* **What to work on**
Although the data holds pictures, return only the lines from the one containing "Discussion: Can a boycott reduce prices?" to the end, exactly, and without them.

Collected data entries
====

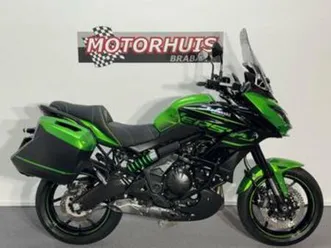 kawasaki versys 650 abs (bj 2018) — motoren | kawasaki — marktplaats
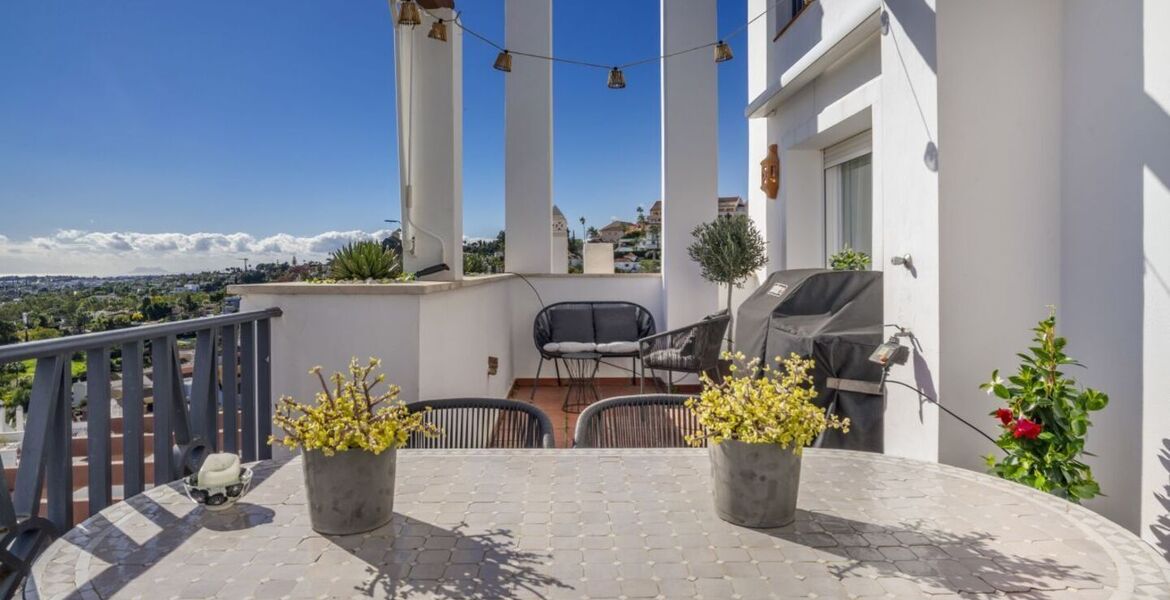 Apartment for rent in Nueva Andalucia Marbella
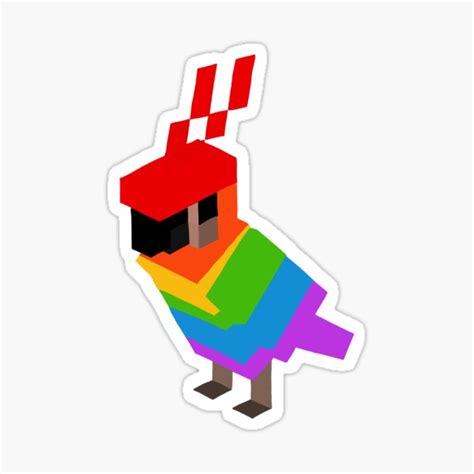Minecraft Rainbow Ts And Merchandise Redbubble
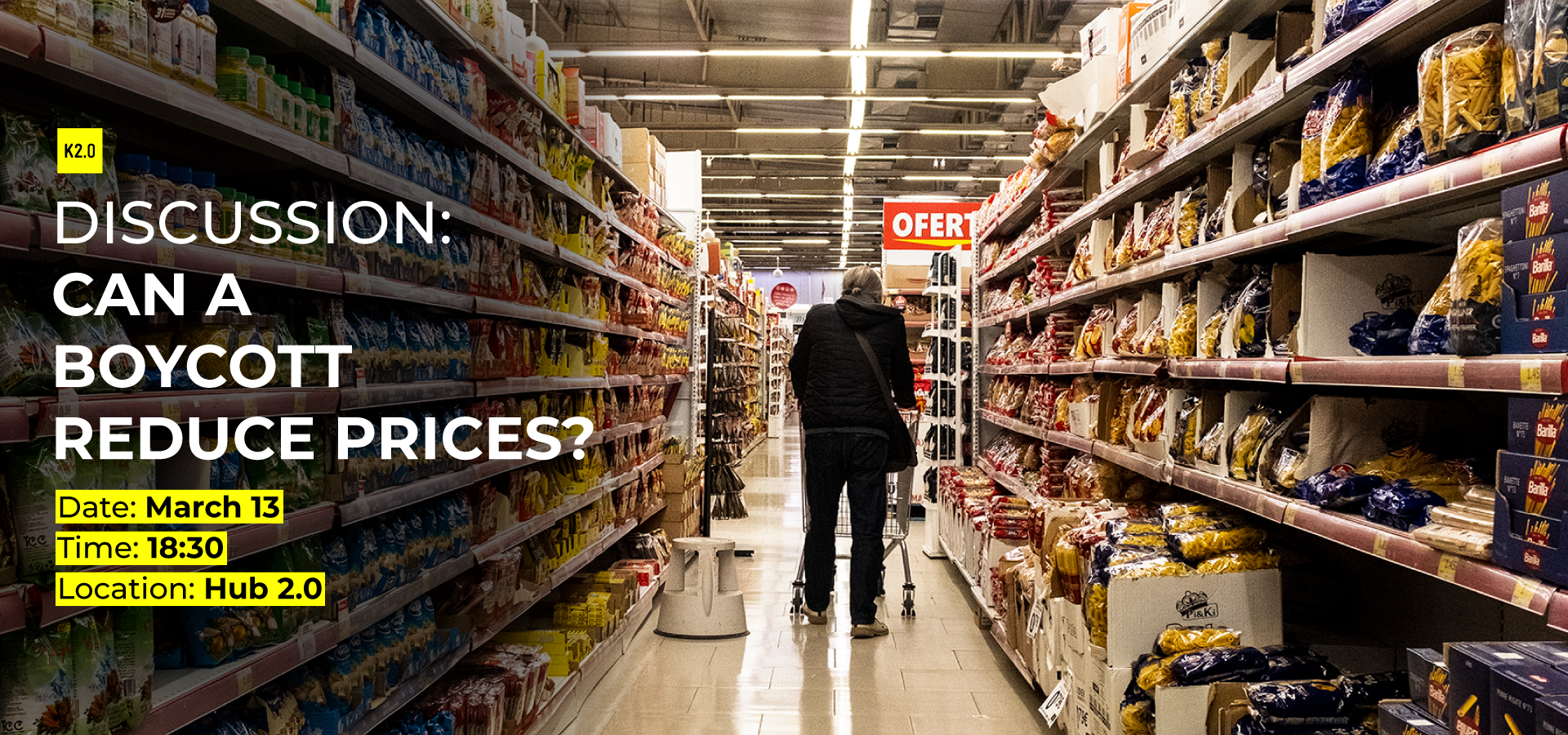 Discussion: Can a boycott reduce prices?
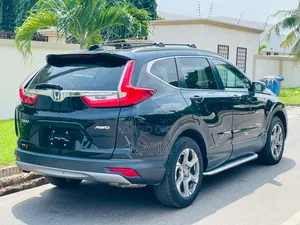 Honda CR-V EX-L AWD 2018 Black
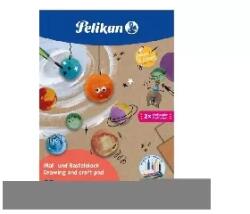 Herlitz Herlitz: Rajzblokk A4/20 ív, natúr belívekkel (00102360)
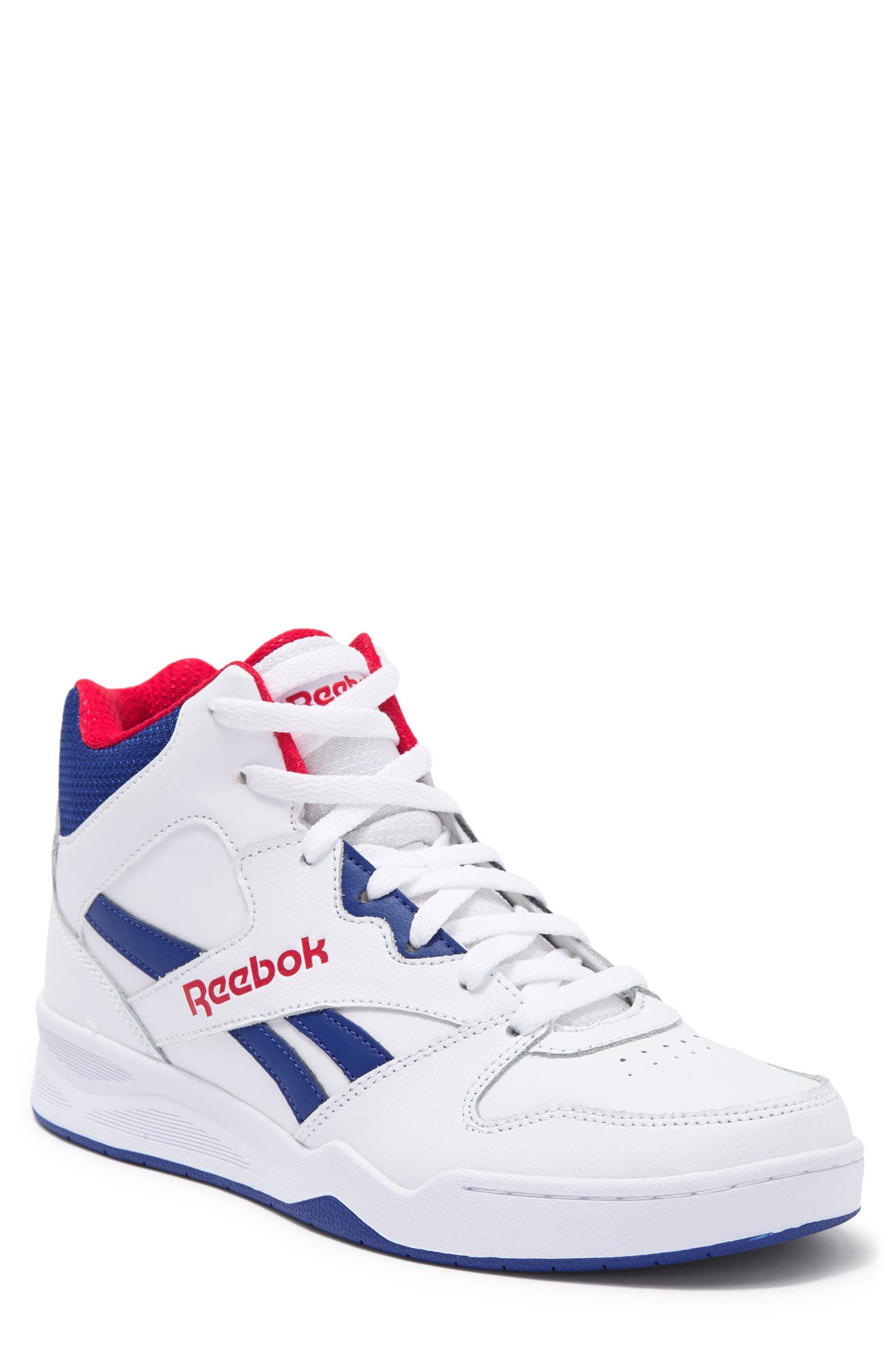 Reebok Royal BB4500 HI2 Sneaker, Main, color,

====

* **Solution to this problem**
 Discussion: Can a boycott reduce prices?
 Honda CR-V EX-L AWD 2018 Black
 Herlitz Herlitz: Rajzblokk A4/20 ív, natúr belívekkel (00102360)
 Reebok Royal BB4500 HI2 Sneaker, Main, color,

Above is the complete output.